Underneath all these interlinked plots - and the accompanying hysteria of Cold War-style headlines - there's a never-ending thriller floating downstream: Pipelineistan. That's the chessboard

Dilbert
where the half-hidden twin of the Pentagon's "long war" is played out. Virtually all current geopolitical developments are energy-related. So fasten your seat belts, it's time to revisit Dr Zbigniew Brzezinski's "grand chessboard" in Eurasia to find out who's winning the Pipelineistan wars.

Got tickets to the opera?
Let's start with Nabucco (the gas opera).
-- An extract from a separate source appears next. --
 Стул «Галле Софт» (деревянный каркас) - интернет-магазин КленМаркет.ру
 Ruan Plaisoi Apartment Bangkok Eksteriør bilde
Nabucco is above all a key, strategic Western powerplay; how to deliver Caspian Sea gas to Europe. Energy execs call it "opening the Southern Corridor" (of gas). The problem is this Open Sesame will only deliver if supplied by a tsunami of gas from two key "stans" - Turkmenistan and Azerbaijan.

The 3,900-kilometer Nabucco will hit five transit countries - Austria, Bulgaria, Hungary, Romania and Turkey - and it may end costing a staggering 26 billion euros (US$33.7 billion) [1].

Construction - endlessly delayed - might start by 2013. Essentially, everything is still a bloody mess. Nobody knows about prices, or the details of transit rights. Turkey is also eager to resell the gas on its own. Moreover, if Baku and Ankara decide to develop in tandem the Shah Deniz phase II [2] fields in Azerbaijan to feed the pipeline, they will need an extra $20 billion in investment.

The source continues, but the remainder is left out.